Viera was ambassador to Buenos Aires for six years. Hammond, a former defense secretary, is well aware of Britain's strategic issues including the Falklands and alleged electronic surveillance of foreign leaders like Brazil's president Dilma Rousseff by GCHQ "five eyes" partners that have been buzzed up by The Guardian and elsewhere.
Although president Dilma's Workers Party government has been weakened considerably by losing its majority in congress even her political enemies see opposition to London's policy as an opportunity to promote Brazil as a champion of anti-imperialism and nonaligned power.
Economic reality offers more telling evidence. Brazil's lackluster economy is a heartbeat from recession and budget cuts by a new neoliberal finance minister have sparked a wave of street protests and road rage on the information highway.
These machinations don't alleviate the water and power shortages that make the new foreign direct investment support Brazil desires from London markets problematic.
Ironically, The Economist and the Financial Times both predicted these problems on the eve of Brazil's presidential campaign last year.
Presidential debates avoided these key issues, providing instead a platform for ugly, American-style negative campaigning that actually helped undermine international confidence in Brazil's economic future.
Brazil generates 75% of its energy from hydroelectric plants. But the worst droughts in over half a century have reduced electricity generation and power costs have escalated hurting new entrants in the middle income consumer economy the most.
The telenovela of energy and water woes doesn't end there.
A deal with Chinese state companies to build an Ultra High Voltage (UHV)transmission system to move what was projected as cheaply generated electricity from the huge Belo Monte project in the Amazon to the industrialized southwest faces a major delay over Beijing's demand that workers imported from China do the majority of the construction.
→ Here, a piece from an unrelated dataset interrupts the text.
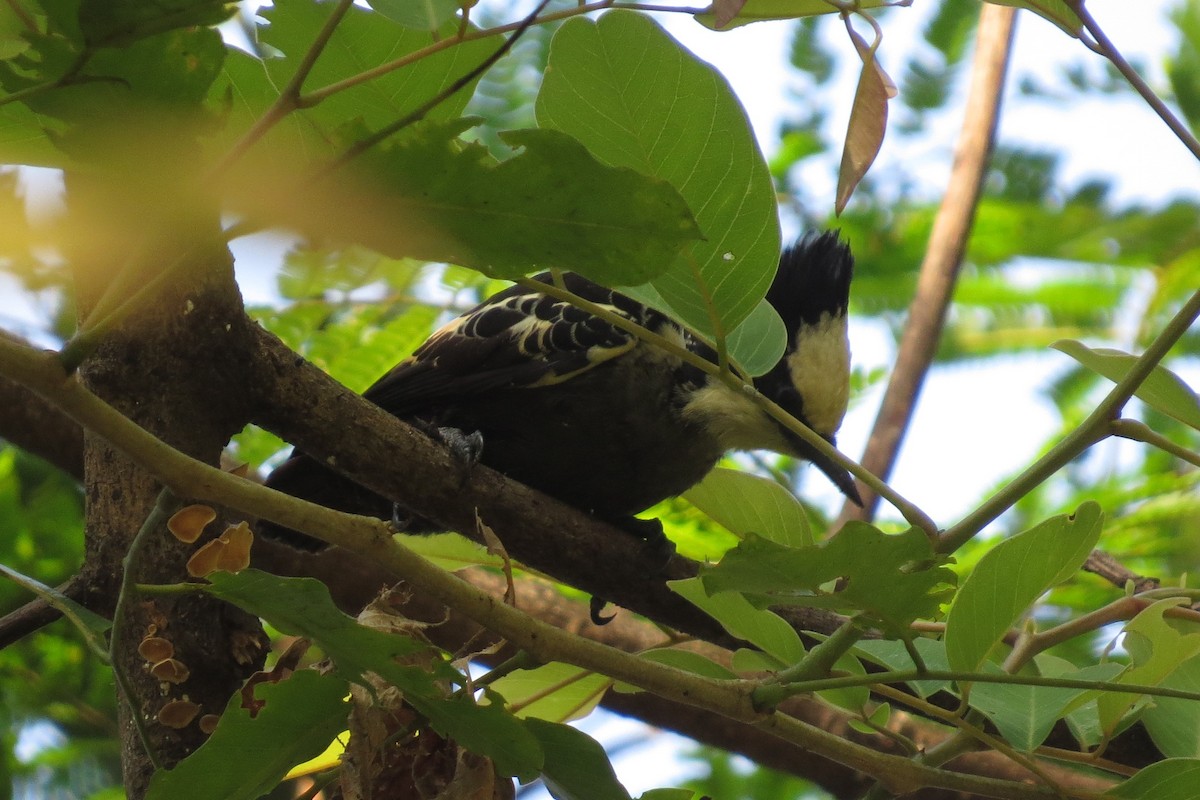 Heart-spotted Woodpecker - ML115364291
As a result, Brazil is relying on imported-- and expensive-- electricity from Argentina, and natural gas from Nigeria and Equitorial Guinea as stopgap solutions. According to energy newsletter Platts, Brazil's imports of LNG were up 28% in 2014 and could go higher this year.
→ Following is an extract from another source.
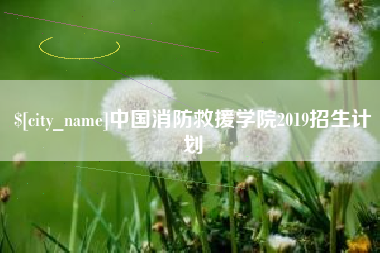 长宁中国消防救援学院2019招生计划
With Brazil's infrastructure currently unable to unload the LNG at her own ports carriers must offload at the Argentine port of Bahia Blanca where the gas is transmitted to the frontier via pipeline and transshipped across the border to Brazil, reinforcing a growing energy codependence between the two nations.
Education may provide the guiding light for the problematic London-Brasilia relationship.
For two generations most Brazilian diplomats have received english language training from a school in Brasilia operated by British expatriates.
More tha 10,000 Brazilians attend university in Britain and president Dilma's "Science Without Borders" program would like that number to increase.
Then too, Brazil is starting to experience a "brain drain" with growing numbers of young and educated prefering to live in societies that put more emphasis on individualism, entrepreneurship and a less agitated daily lifestyle. Some British politicians, and football fans, not keen on immigration are concerned about a Brazilian clone of Earl's Court in London
Even if the Falklands (Malvinas) imbroglio stays in the background of the strategic talks it's likely that their outcome, like the recent G-20 meeting in Australia, will produce a sugar coated agreement to disagree.